Un économiste engagé dans les débats contemporains
Dans les années 1990 et 2000, Aglietta devient une référence en finance. Il analyse la montée de la finance de marché et identifie un régime d’accumulation financiarisé. Son livre Macroéconomie financière (1995), aujourd’hui en sixième édition, dénonce les dangers de la spéculation et met en avant le risque systémique, des analyses qui se confirmeront avec la crise financière de 2008.
Au début des années 2010, il oriente ses recherches vers la Chine, publiant avec Guo Bai La voie chinoise (2012). Fidèle à sa conviction que l’économie doit s’étudier là où se situe son centre, il considère que la Chine est désormais le cœur du capitalisme mondial. Ce travail illustre la continuité de la Théorie de la régulation appliquée à un nouveau contexte historique.
Tout au long de sa carrière, Aglietta reste proche de l’administration économique, notamment du Centre d’études prospectives et d’informations internationales (Cépii) et de la Banque de France, où il met à disposition son expertise et accède à des données précises. Cette collaboration lui permet de nourrir ses analyses dans un dialogue constant avec les réalités économiques.

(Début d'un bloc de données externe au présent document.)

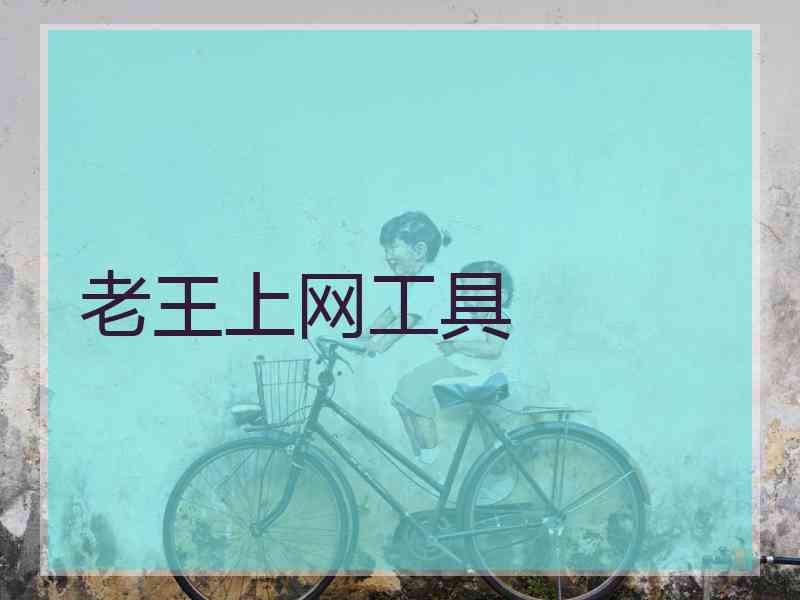 老王上网工具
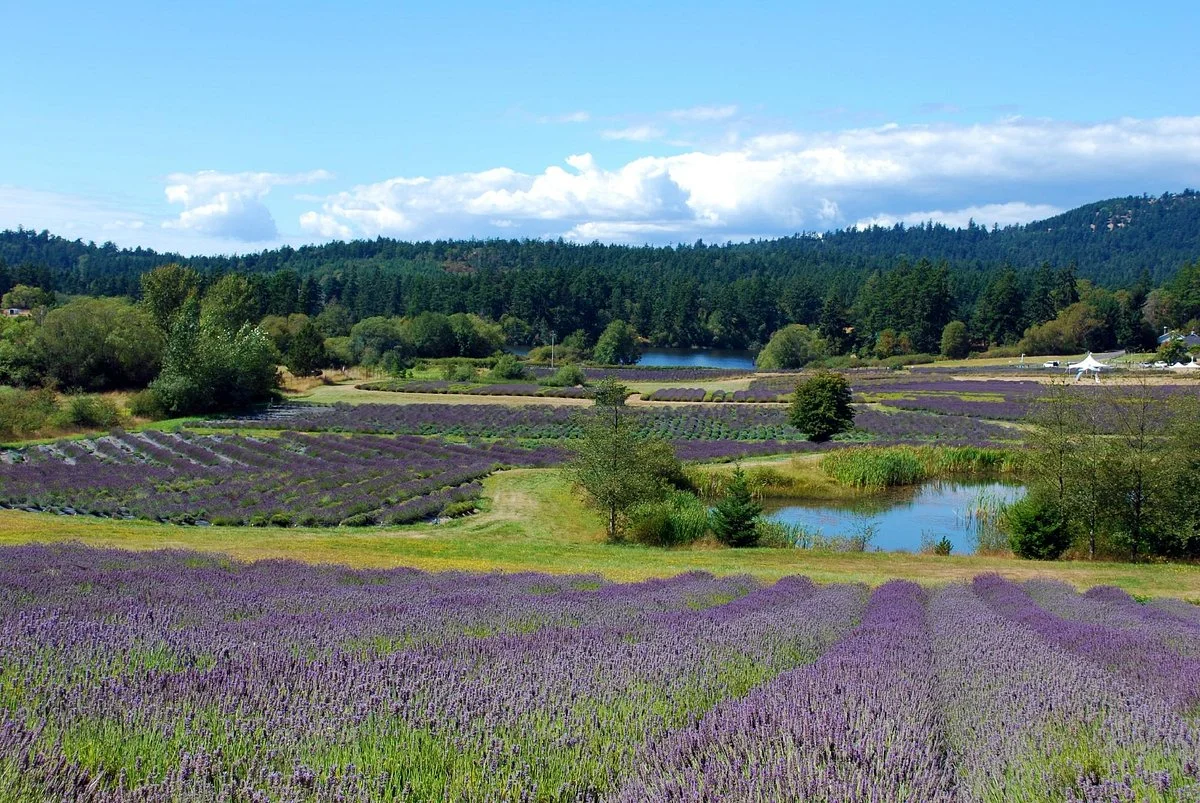 Pelindaba Lavender Farm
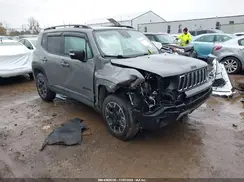 ZACNJDB17PPP38539 2023 JEEP RENEGADE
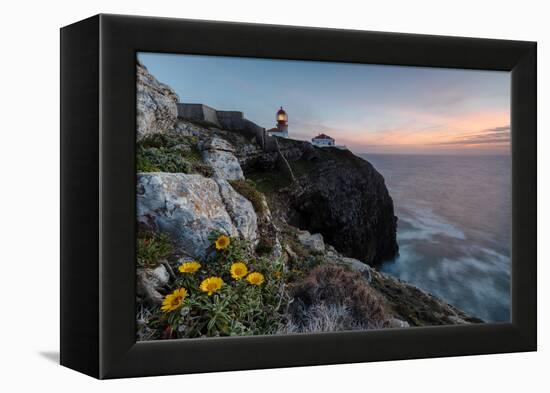 Pink sky at sunset and yellow flowers frame the lighthouse, Cabo De Sao Vicente, Sagres, Algarve, P-Roberto Moiola-Framed Premier Image Canvas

Propositions face à la crise écologique
À 74 ans, Michel Aglietta s’engage aussi sur le front écologique. En collaboration avec Étienne Espagne, il publie récemment Pour une écologie politique. Au-delà du Capitalocène, insistant sur la nécessité d’un nouveau pacte social où justice sociale et transition écologique s’accompagnent mutuellement.
Les auteurs soulignent que sans prise en compte des inégalités et sans mobilisation démocratique, la transition écologique risque d’échouer ou de subir des rejets. L’écologie politique devient ainsi le cadre indispensable pour conjuguer durabilité, justice et action collective face à l’urgence climatique.
Un héritage exceptionnel mais parfois méconnu
L’œuvre de Michel Aglietta se distingue par son ampleur et la justesse de ses analyses. Si son travail sur l’euro, l’Europe et le rôle du cycle financier dans le ralentissement économique n’a pas été abordé ici en détail, il reste fondamental. Reconnu dans l’administration économique, notamment comme membre du Haut conseil des finances publiques entre 2013 et 2015, il a parfois souffert d’un certain ostracisme universitaire du fait de son étiquette d’« économiste hétérodoxe ».
Ses propositions, riches et novatrices, n’ont pas toujours reçu l’attention qu’elles méritaient. L’avenir pourrait toutefois ouvrir davantage les esprits à cette pensée singulière et influente.